Thanks to Lee Rudolph for bringing to our attention another spectacularly insightful piece of (taxpayer funded) research (see Lee’s comment on an earlier post).
The paper must be important because it contains sentences such as: “A modest, but significant, relationship was found between this variable and the six-item index [of ‘dichotomously assessed condom use errors and problems’] (r = .25; P < 0.01) as well as the summative measure (r = .35; P < 0.01).” It apparently confirms the startling “Sloppy drunk = Condom slob = drippy dick” equation. Though for the nerds amongst us, the stats are quite a trick. Sex while high 2.78 times in two months, with a standard deviation of 5.5. Hmmmm.

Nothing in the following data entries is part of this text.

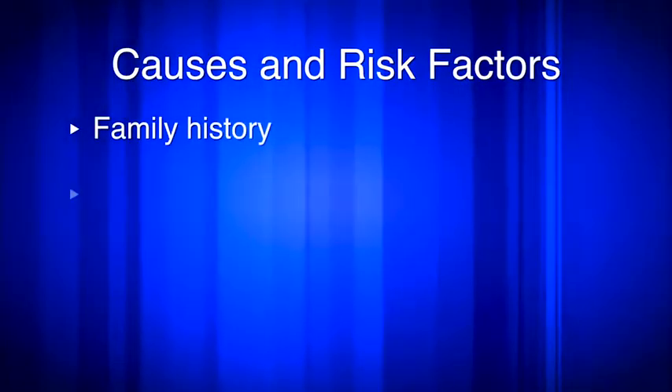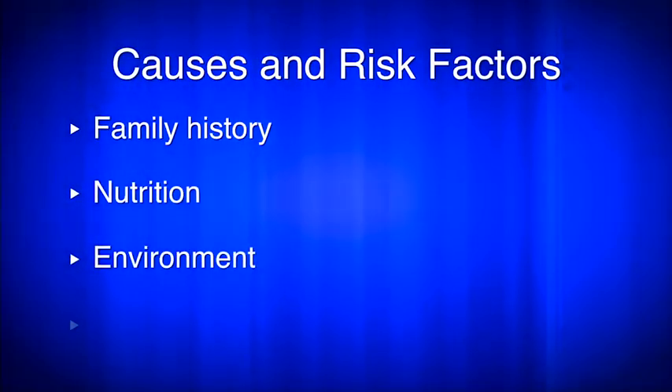In this section, you can find information on risk factors and causes of type 1 diabetes, such as family history, nutrition, environment, and the immune system.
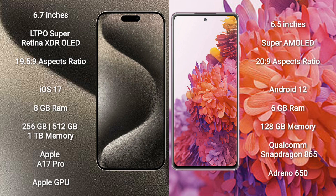iPhone 15 Pro Max runs on the iOS 17 operating system. Samsung Galaxy S20 FE runs on the Android 12 operating system.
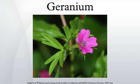Linnaeus originally included all the species in one genus, geranium, but they were later separated into two genera by Charles L'Héritier in 1789. Other former members of the genus are now classified in genus Erodium, including the plants known as filarees in North America. The term 'hardy geranium' is often applied to geraniums to distinguish them from the Pelargoniums. However, not all geranium species are winter hardy.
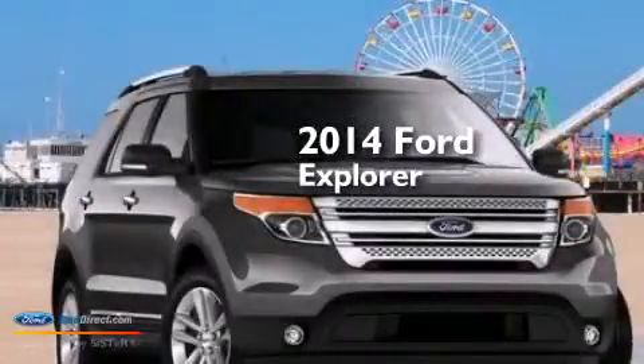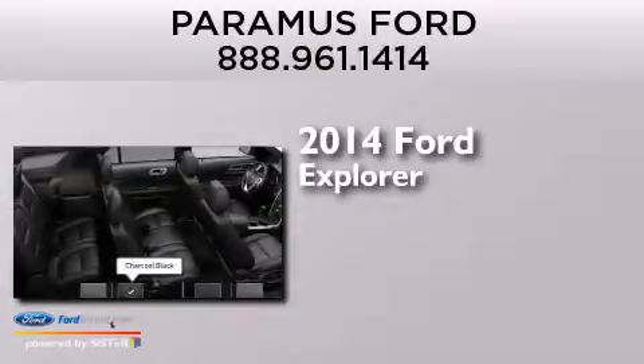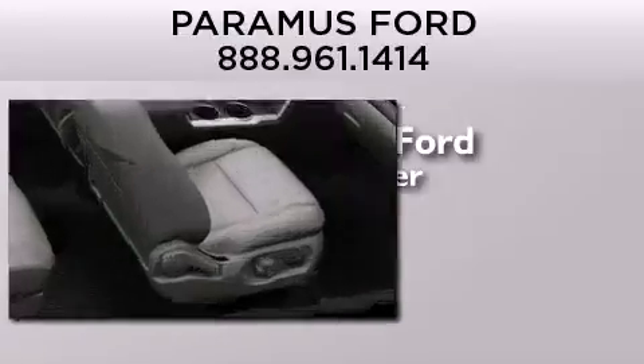This is a brand new 2014 Ford Explorer. It features a 3.5 liter engine, an automatic transmission, and the added safety and control of four-wheel drive.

I’d like to steal a line from Lee’s comment and suggest that we start a “Where do Bears Shit?” campaign, to try to get medical journals to reform their “peer review” process. The journals I review for regularly send me knuckle-draggingly appalling papers, together with on-line forms that require me to rate the paper’s statistical accuracy, and to assess the extent to which it meets ethical criteria (on a five-point scale, nautrally). But nowhere are reviewers asked to pronounce on whether a paper answers the universal research question: “So What?”

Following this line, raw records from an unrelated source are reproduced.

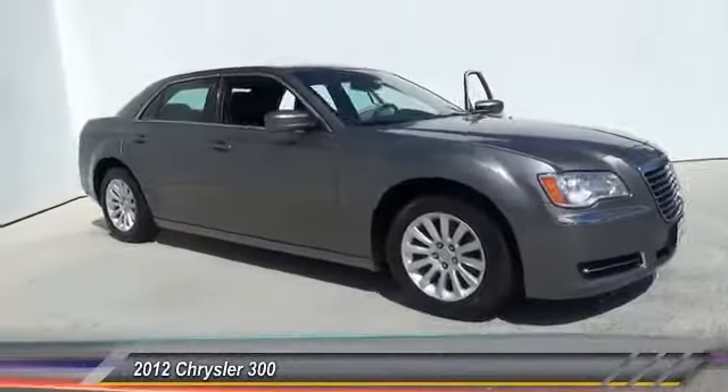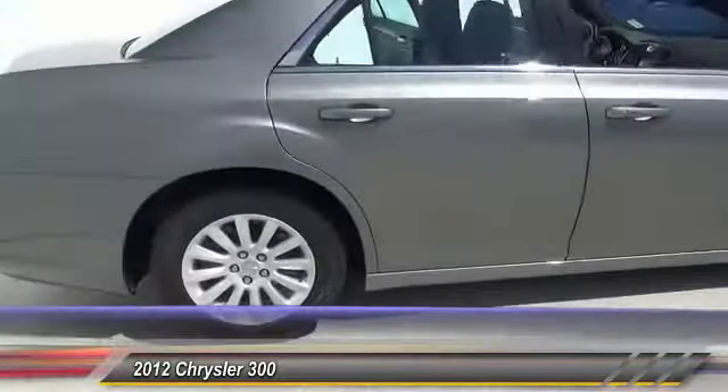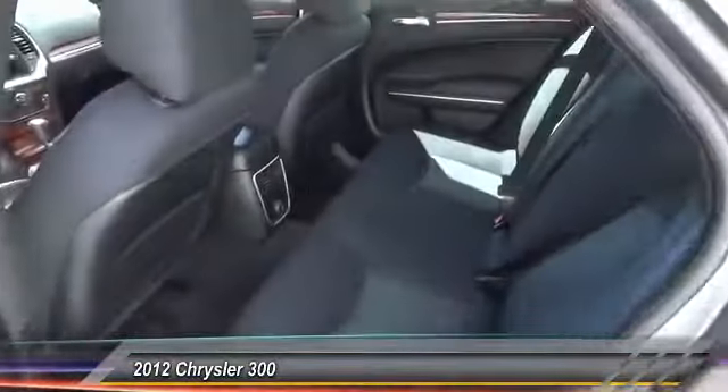The 2012 Chrysler 300. The Chrysler 300 combines sport and luxury in one unique and powerful package. If you're looking for elegance and performance, the 300 delivers.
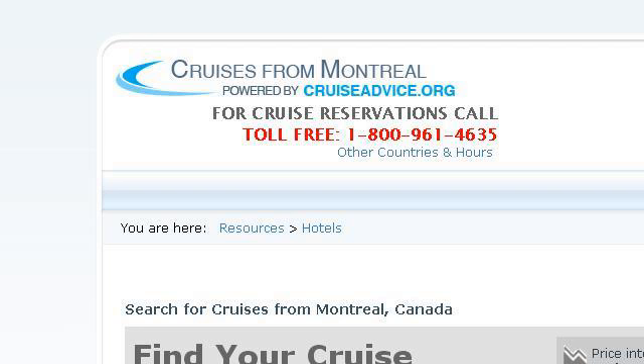Try also our second-ranked site cruisesfrommontreal.com, especially the page 'Hotels near Montreal Cruise Ship Terminal.'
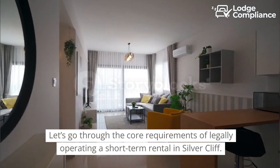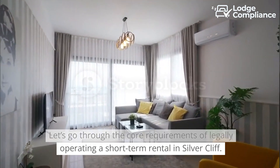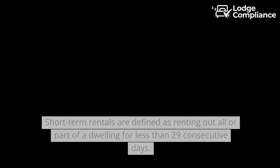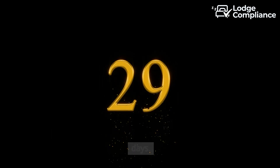Let's go through the core requirements of legally operating a short-term rental in Silvercliff. Short-term rentals are defined as renting out all or part of a dwelling for less than 29 consecutive days.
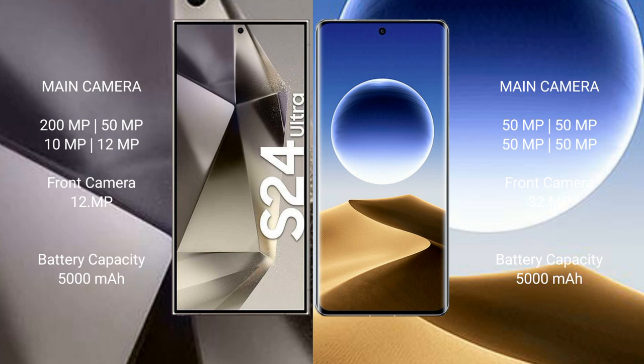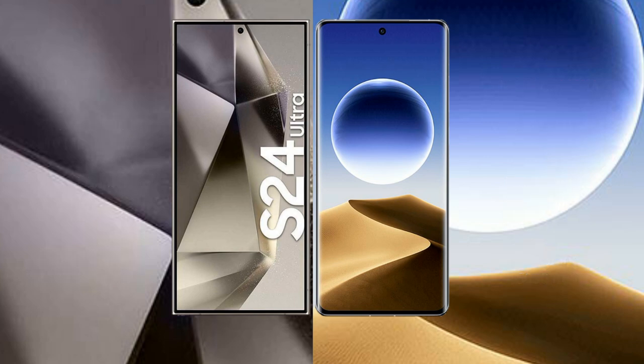Samsung Galaxy S24 Ultra has a 5000mAh battery with 45W fast charging support. OPPO Find X7 Ultra has a 5000mAh battery with 100W fast charging support.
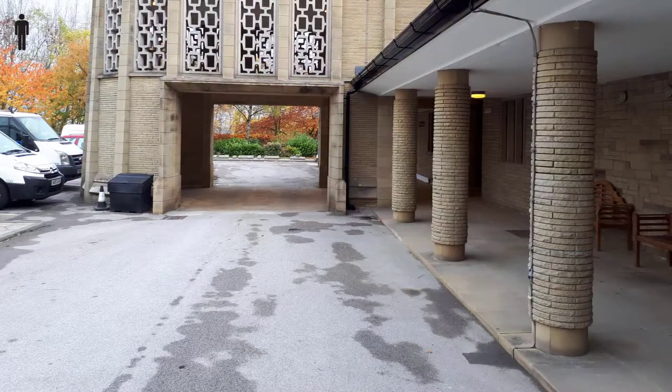Mourners usually congregate under the shelter of the open walkway. The hearse pulls just past the chapel entrance to enable the smooth unloading of the coffin.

Frankly, a lot of the stuff I see is so bad that I would hesitate to consider its authors peers. I don’t hesitate to tell its authors, and a journal’s editors what I think. And yet when I look at comments by other reviewers of the same paper, I see that this is by no means the norm. Here are comments on a paper I reviewed recently. One of them is mine:
Reviewer 1: This paper… has no clear objective, is poorly written and completely overlooks most of the issues of potential public health importance.

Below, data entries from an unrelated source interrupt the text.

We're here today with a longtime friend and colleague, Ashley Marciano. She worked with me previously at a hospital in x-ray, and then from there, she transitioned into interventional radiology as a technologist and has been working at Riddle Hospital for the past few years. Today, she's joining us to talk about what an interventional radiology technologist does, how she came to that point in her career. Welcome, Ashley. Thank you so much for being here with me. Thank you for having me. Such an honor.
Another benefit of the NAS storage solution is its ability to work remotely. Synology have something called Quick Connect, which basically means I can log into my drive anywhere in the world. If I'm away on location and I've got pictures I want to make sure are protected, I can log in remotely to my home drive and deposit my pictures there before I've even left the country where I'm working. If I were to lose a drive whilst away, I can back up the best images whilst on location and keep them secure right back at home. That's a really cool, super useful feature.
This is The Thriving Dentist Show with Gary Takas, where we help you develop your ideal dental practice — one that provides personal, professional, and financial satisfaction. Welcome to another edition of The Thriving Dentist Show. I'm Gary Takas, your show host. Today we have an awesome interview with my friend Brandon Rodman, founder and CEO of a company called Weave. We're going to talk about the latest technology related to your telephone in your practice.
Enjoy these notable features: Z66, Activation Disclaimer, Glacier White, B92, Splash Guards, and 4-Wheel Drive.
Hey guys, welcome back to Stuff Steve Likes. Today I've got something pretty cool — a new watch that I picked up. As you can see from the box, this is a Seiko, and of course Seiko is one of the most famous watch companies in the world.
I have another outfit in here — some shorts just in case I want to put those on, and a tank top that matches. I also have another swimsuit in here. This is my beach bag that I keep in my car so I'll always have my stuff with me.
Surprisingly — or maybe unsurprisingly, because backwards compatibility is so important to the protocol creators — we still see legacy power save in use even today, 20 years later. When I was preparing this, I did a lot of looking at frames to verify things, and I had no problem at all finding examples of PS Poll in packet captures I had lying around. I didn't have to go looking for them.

Reviewer 2:The paper is generally well written and focused.
Reviewer 3: This is a well written article… The conclusion has some spelling errors.
The problems with the peer review system are legion. We feel under professional obligation to take on reviews, but there’s little incentive to invest time and energy in doing them well. There’s a “you scratch my back and I’ll scratch yours” thing going on, especially in journals that a) allow authors to recommend individuals as reviewers and b) have drifted away from anonymity for reviewers and authors. And reviewers are often reluctant to appear too negative in their comments to editors, because we tend to review for the journals we most want to publish in.
The other campaign suggested by Lee’s comments is the “Bloodsuckers” campaign. I’m thrilled at the growth of open access publishing of important scientific findings, and hugely supportive of institutions such as the Wellcome Trust, which are increasingly stipulating that any research they fund must be submitted to publications which do not charge for access. But it is shameful that it should be a private charitable trust that blazes this path. Most public health research is paid for by you and me and all the other long-suffering tax payers out there. We have a right to be able to see the results of our investment without paying again to the Bloodsuckers at Elsevier, LWW et al. So it’s exciting to see that the budget bill referred to in Needling the White House takes small steps towards ensuring open access. It requires all NIH-funded research to be posted on PubMed Central within a year of publication. A sort of open-after-a-bit access, but better than nothing. Thanks to purepedantry for bringing this to my attention.